Изменить размер шрифта - +
Про такие еще говорят: «It looks old and feels old», потому что в дополнение к тактильной иллюзии факсимильный документ пахнет лежалыми пряностями. Почти как настоящий. Правда, договор на покупку Манхэттена, стилизованный под древность, написан на английском языке, тогда как оригинал был на голландском. Так что, строго говоря, это не факсимиле, а – позволю себе такой неологизм – «факдиверсо». Как в рассказе Хайнлайна или Азимова, создается впечатление, что ты попал в некий пространственно-временной туман, в котором перепутываются столетия. Именно это происходит в одном из музеев восковых фигур калифорнийского побережья, когда мы видим в кафе в стиле Брайтон Марина за одним столиком Моцарта и Карузо, и Хемингуэя, стоящего у них за спиной, в то время как за другим столиком Шекспир беседует с Бетховеном, чашечка кофе в руке.

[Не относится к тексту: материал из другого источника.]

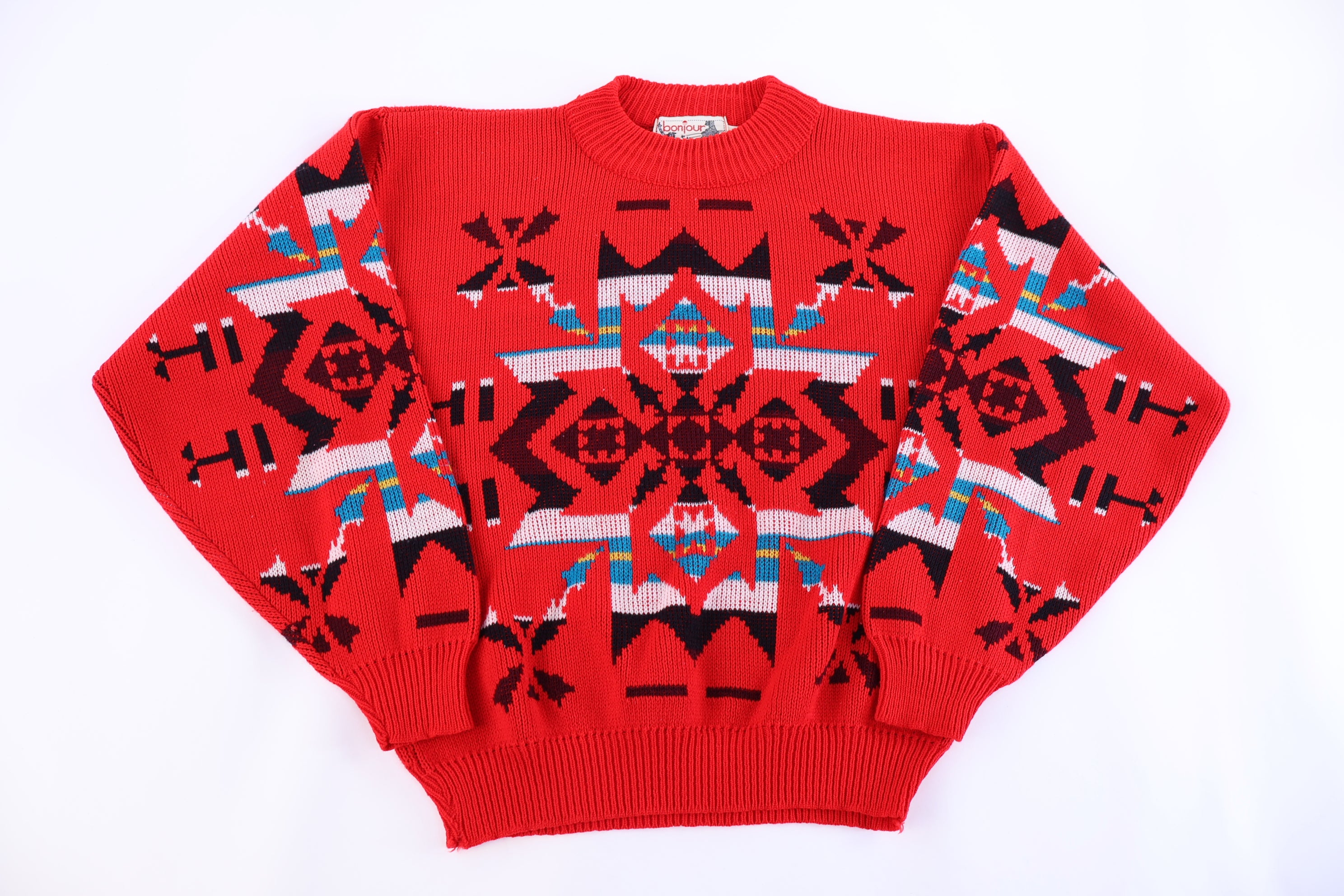 80's Bonjour Multipattern Knit Sweater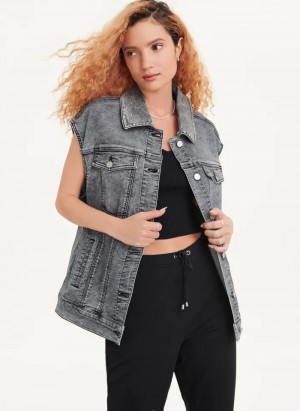 Black Women's Dkny Oversized Denim Vest | 8703QSLXG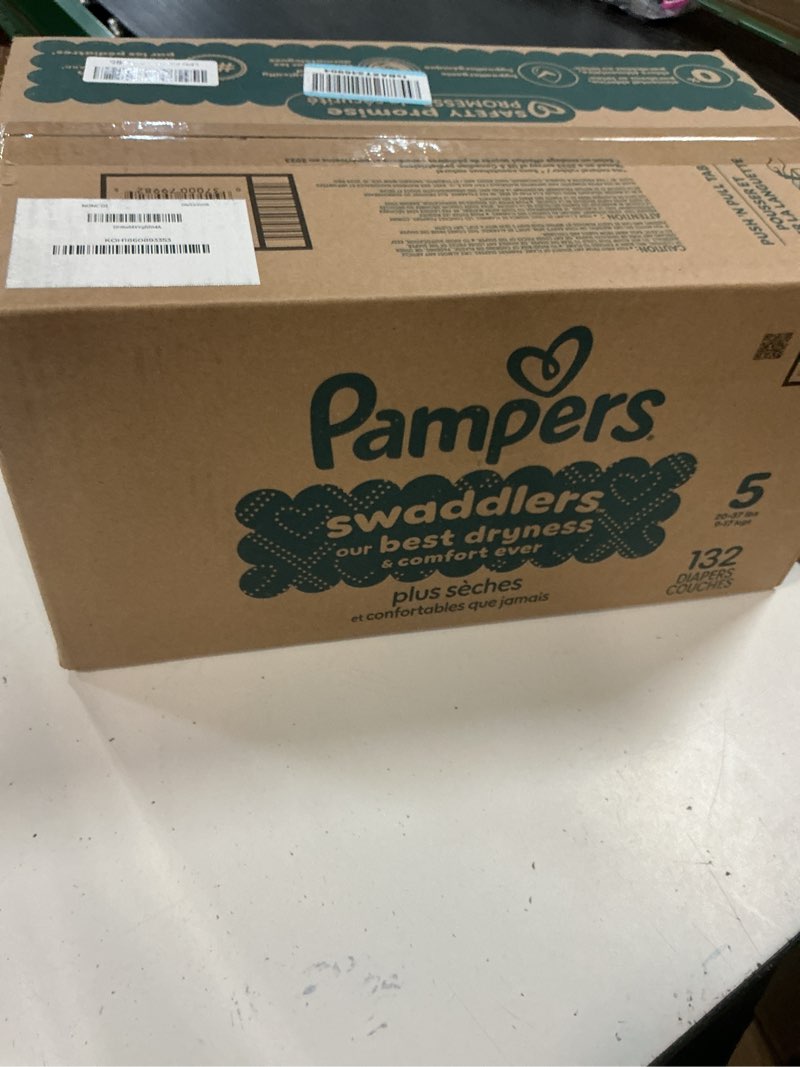 Condition photo showing New/Like New for pampers swaddlers diapers, size 5 (20-37 lbs), 132 count, absorbent, keeps baby dry and comfortable, skin safe disposable baby diaper (packaging may vary) size 5 132
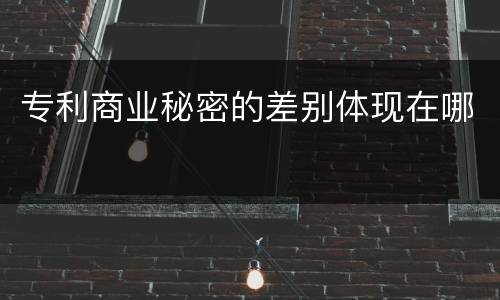专利商业秘密的差别体现在哪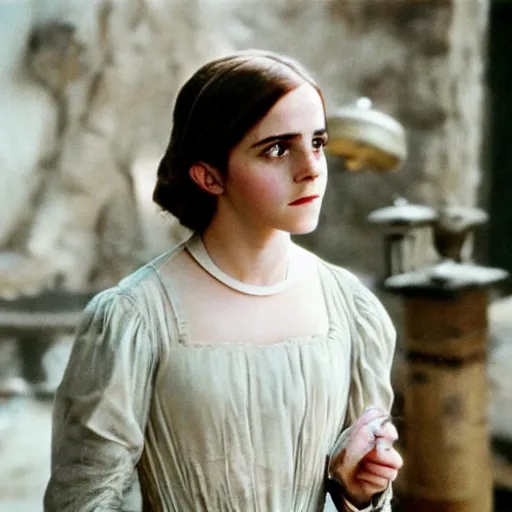 Image similar to photo, emma watson, film still from the grand old trip the moon ( 1 9 2 2 ), kodak ektachrome 1 2 0, 2 6 mm,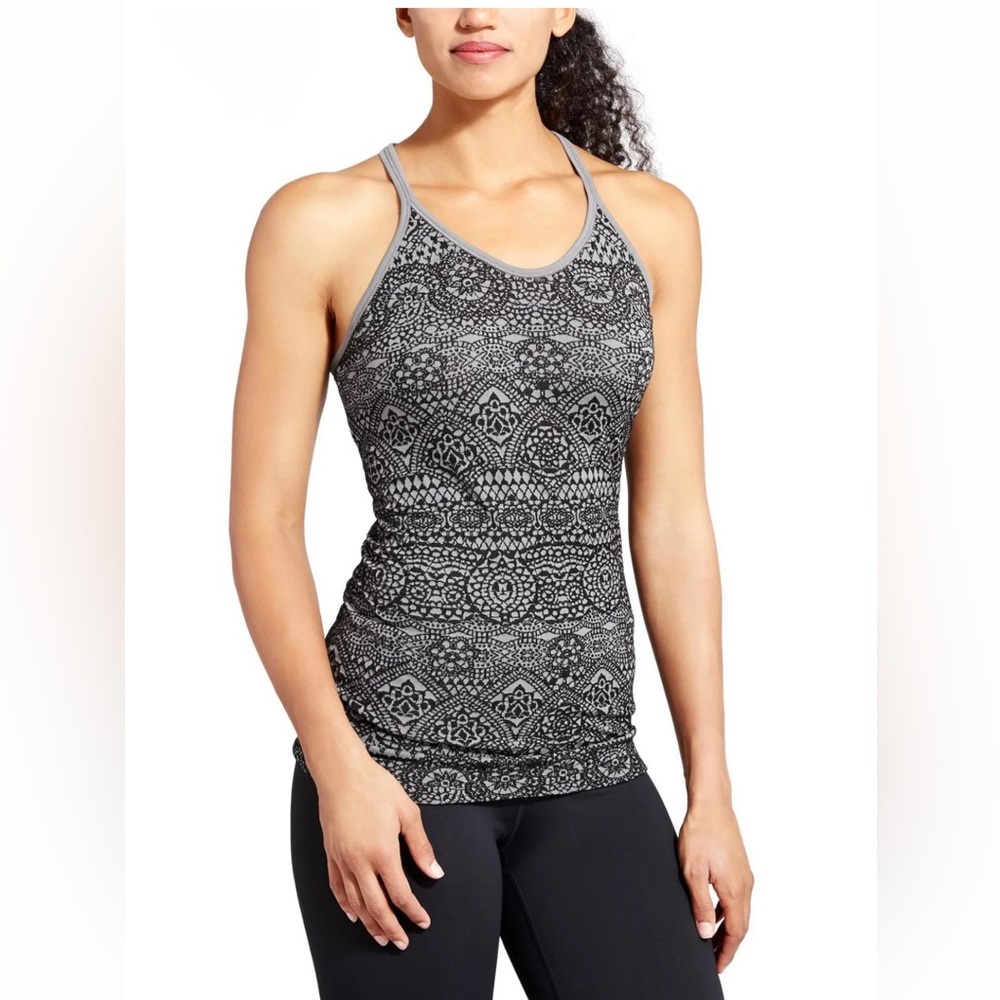 Athleta Size Medium Eagle Pose Racerback Tank Top Gray with Black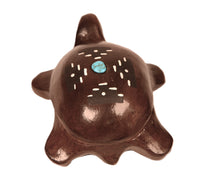 Navajo Ceramic Turtle with 1 Turquoise By Fernandez Benally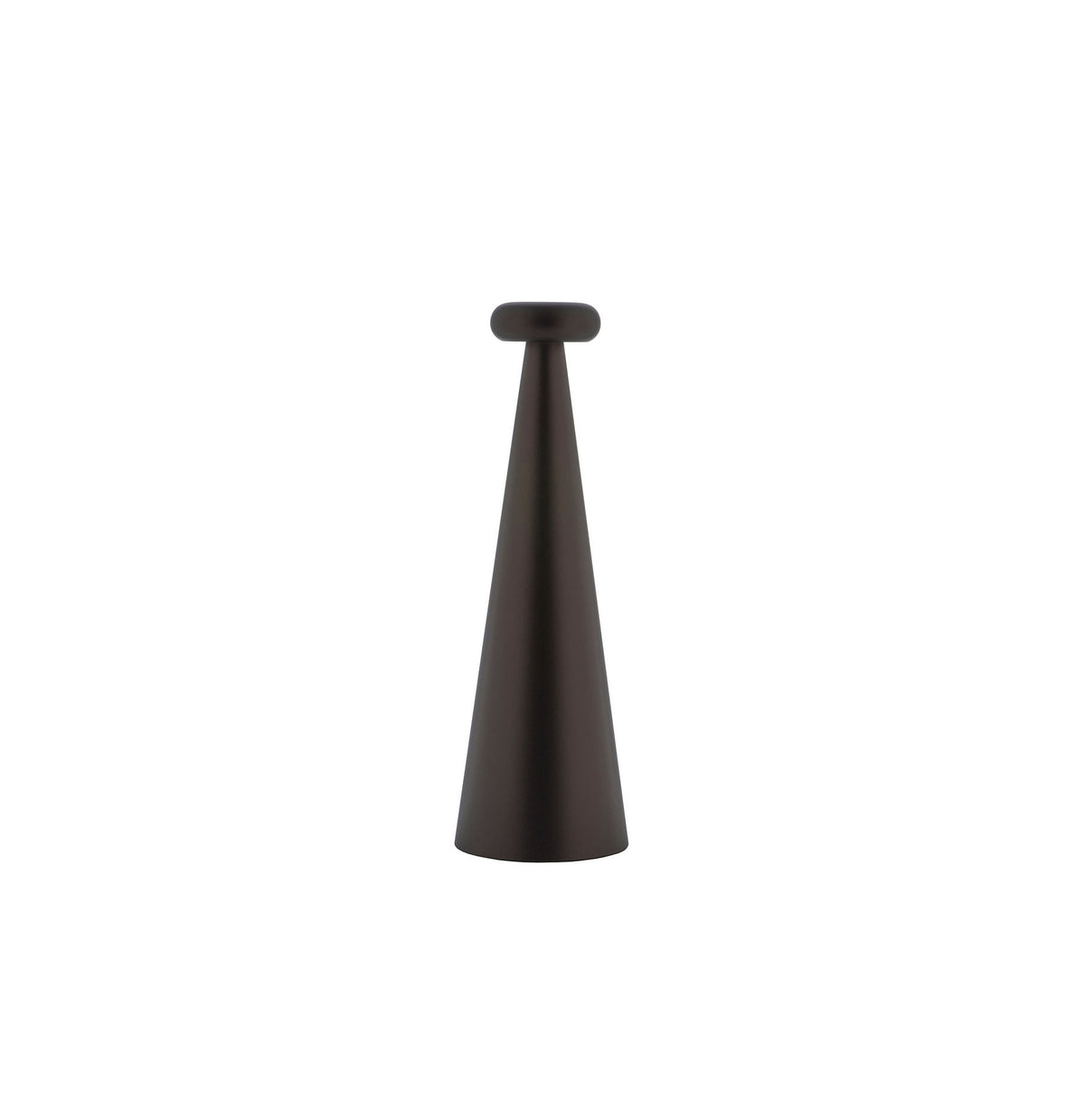 Alessi Bedin oplaadbare lamp in bruin, kegelvormige voet met draaibare kop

С другой стороны, в деревне Олд-Бетпэйдж на Лонг-Айленде реконструируют ферму начала девятнадцатого века: это значит, с настоящими домашними животными, какие были в то время. И оказывается, что с тех пор овцы в результате хитроумных скрещиваний претерпели любопытную эволюцию: раньше у них была черная морда без шерсти, а сейчас белая морда, покрытая шерстью, и, очевидно, что этой шерсти они дают куда больше. Заинтересованные экологи-археологи работают над тем, чтобы снова вывести старый вид и добиться «evolution retrogression». Но Национальная ассоциация животноводов заявляет решительный протест этому оскорблению зоотехнического прогресса. Создается прецедент: поборники движения вперед против тех, кто шел вперед, а теперь отступает назад. И неизвестно, кто из них больше мечтатель, а кто – настоящий фальсификатор природы. Что же до войны за «real thing», наше путешествие здесь не заканчивается: «more to come!»

 

Вертепы Сатаны

 

Всех персонажей в любом музее восковых фигур в Европе мы знаем: от Юлия Цезаря до папы Иоанна XXIII, в различной обстановке, «живые» и говорящие. Как правило, обстановка эта неказистая, а они сами всегда скромны и невзыскательны. Их американские коллеги крикливы и агрессивны, они бросаются на вас рекламными щитами на шоссе за несколько миль до места, издалека заявляют о себе яркими вывесками, крутящимися башнями, пучками света в темноте. С самого начала они предупреждают, что это будет один из самых захватывающих моментов в вашей жизни, комментируют различные сцены длинными пояснениями как нечто сенсационное, смешивают в кучу историческую реконструкцию, религиозный экстаз, преклонение перед звездами кинематографа, сюжеты известных сказок и приключенческих историй; выпячивают ужасы, кровищу, заботятся о достоверности до реконструктивного невроза. В городе Буэна-Парк, штат Калифорния, в Movieland Wax Museum, Джин Харлоу, лежащая на канапе, хранит на своем комоде экземпляры журналов того времени, а на стенах комнаты, в которой живет бродяга Чарли, будут висеть афиши начала века. Все сцены разворачиваются в полном continuum, по возможности в темноте, и так, чтобы между восковыми фигурами исключалось пустое пространство, но создавалось нечто вроде соединительной ткани, усиливающей впечатление: обычно это зеркала, так что справа вы видите разрывающего могилу Дракулу, а слева – свое лицо рядом с отражением Дракулы; временами мелькают фигуры Джека Потрошителя или Иисуса, возникающие в процессе игры ловко повернутых углов, кривых и перспектив, и вот вам уже трудно отделить реальность от иллюзии. Иногда подойдешь поближе, очарованный сценой, к персонажу, силуэт которого виднеется в глубине старого кладбища, и вдруг обнаружишь, что этот персонаж – ты сам, а кладбище – это отражение следующей сцены, рассказывающей душераздирающую историю о расхитителях гробниц в Париже во второй половине XIX века.

Movieland Wax Museum переносит вас в заснеженную степь, по которой едут в санях доктор Живаго и Лара, но, чтобы добраться туда, вам придется пройти через избу, куда влюбленные направляются жить и на полу которой через дырявую крышу намело целый сугроб снега.